Given information →
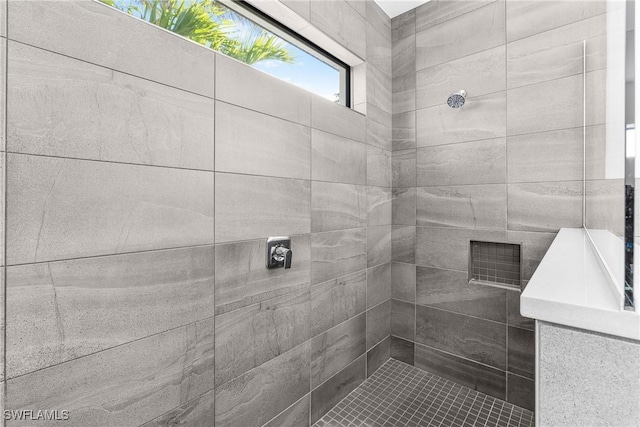 bathroom with a tile shower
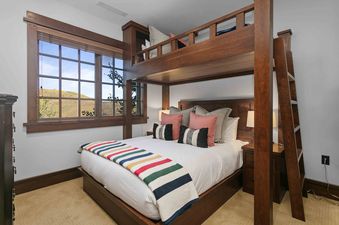 A cozy bedroom in Arrowleaf Lodge 205 with a queen bed, built-in wooden bunk beds, and a large window overlooking scenic hills.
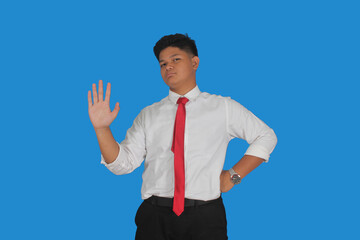 Asian male party cadre in tie pointing up with number five finger smiling confident and happy for election campaign isolated on blue background.
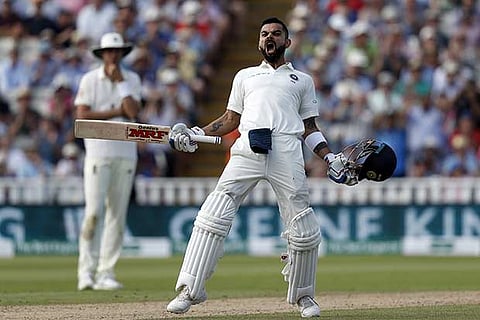 Indian skipper Virat Kohli celebrates his century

Instructions to follow →
Each line of the data needs to be output exactly, with any image excluded.

Output for this exercise →
 bathroom with a tile shower
 A cozy bedroom in Arrowleaf Lodge 205 with a queen bed, built-in wooden bunk beds, and a large window overlooking scenic hills.
 Asian male party cadre in tie pointing up with number five finger smiling confident and happy for election campaign isolated on blue background.
 Indian skipper Virat Kohli celebrates his century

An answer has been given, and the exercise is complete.